There’s an interesting game being played in India for a few years now.  It’s called the “Last Man Standing” game.  Some of the players playing this game include Flipkart, Snapdeal and more recently Amazon.

Since the second innings of e-commerce which started in India around  2007-08, several e-commerce companies have already shut shop. This has been especially so in the last 2-3 years where smaller players with shallow pockets could not sustain the deep discounting offered by the bigger players.   There are others which have been forcefully merged with another company with common investors.

Simple trading logic tells us that if you buy something for Rs. 100 (including all associated costs) and Sell it for Rs. 110, you make a profit of Rs. 10.

E-commerce  in India works differently.   Let’s take the example of Flipkart.  In the Financial year 2013-14 (Source VCCircle) , Flipkart had losses of Rs. 400 Crores on a Revenue of Rs. 179 Crores.  Since Flipkart is a marketplace, Revenue refers to the actual Revenue and not the Gross Merchandise Value which is the price of products sold.  So for every Rs. 1 in Flipkart revenue, the company actually lost Rs. 2.23.

Flipkart is not alone in this game.  Amazon lost 321 Crores on a revenue of 169 Crores.  Snapdeal lost 265 Crores on a Revenue of 154 Crores.  That’s Rs. 1.9 (Amazon) and Rs. 1.7 (Snapdeal) loss per Rs. 1 in Revenue

The bottom line is that every e-commerce player in India continues to lose money and justifies that ( I believe) as a customer acquisition cost.

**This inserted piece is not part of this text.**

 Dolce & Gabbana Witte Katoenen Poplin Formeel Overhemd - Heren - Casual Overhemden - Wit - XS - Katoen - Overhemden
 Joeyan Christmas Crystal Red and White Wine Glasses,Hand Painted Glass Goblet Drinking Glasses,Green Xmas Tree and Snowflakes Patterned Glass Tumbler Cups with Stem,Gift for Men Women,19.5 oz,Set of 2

Nice Game! How does this continue and when does this end?  Well, to continue the game, the investors need to keep pumping in more and more money till you are the only company left and then you don’t need to do it any more and can start dictating terms and hopefully make profits.

Look at how much money Flipkart has raised till now – $2 Billion.

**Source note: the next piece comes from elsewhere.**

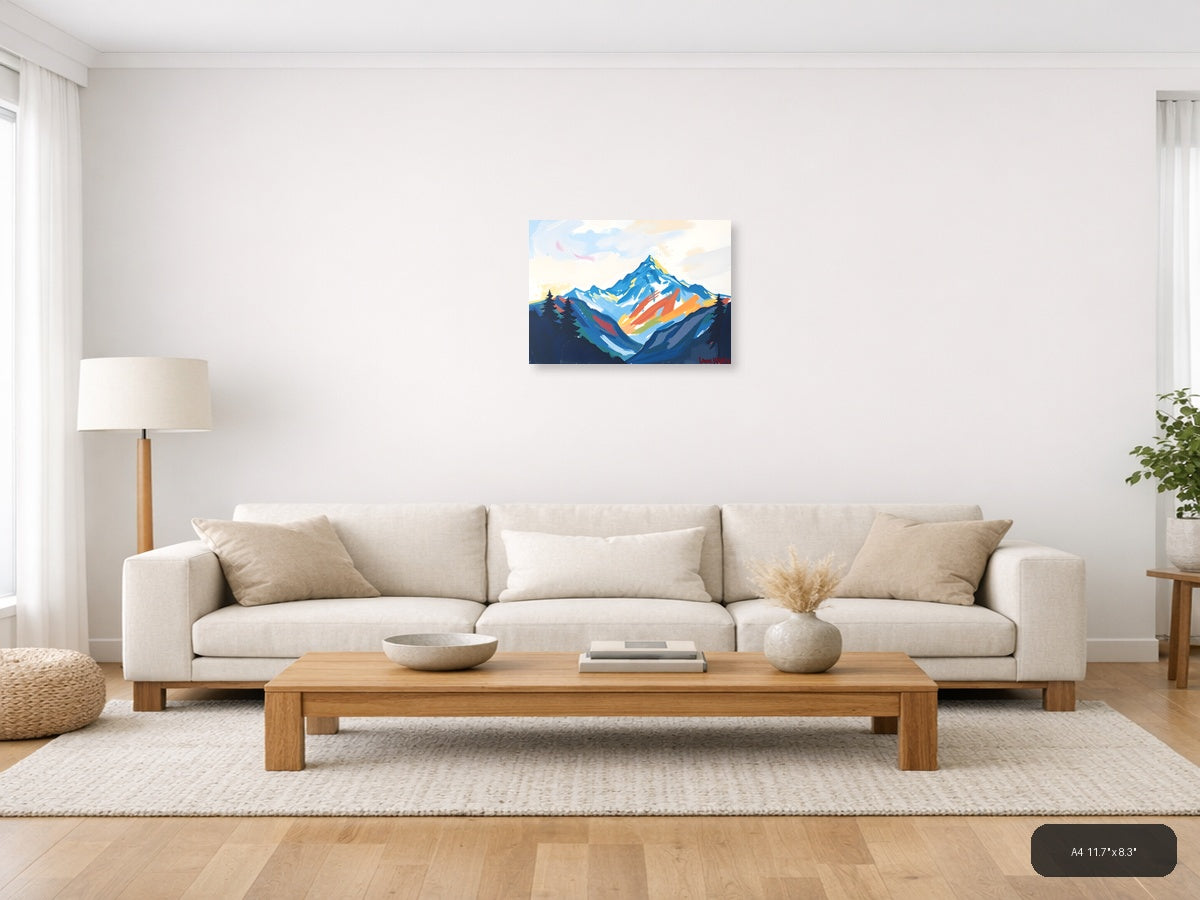 Abstract Mountain Peak with Colorful Valleys Wall Art — A4 / Living Room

Also notice how desperate Flipkart has been to raise more money in 2014.  This game is not over yet.  Those lines are going to get steeper in 2015.  The amount of money that needs to be pumped into Flipkart will be several billion dollars more before we reach a stage where Flipkart can confidently say that they are the last man (or 1 of 2-3 men) standing.

While there is something fundamentally wrong with the way e-commerce is being approached in India, it is the consumer who is laughing all the way to the bank right now!!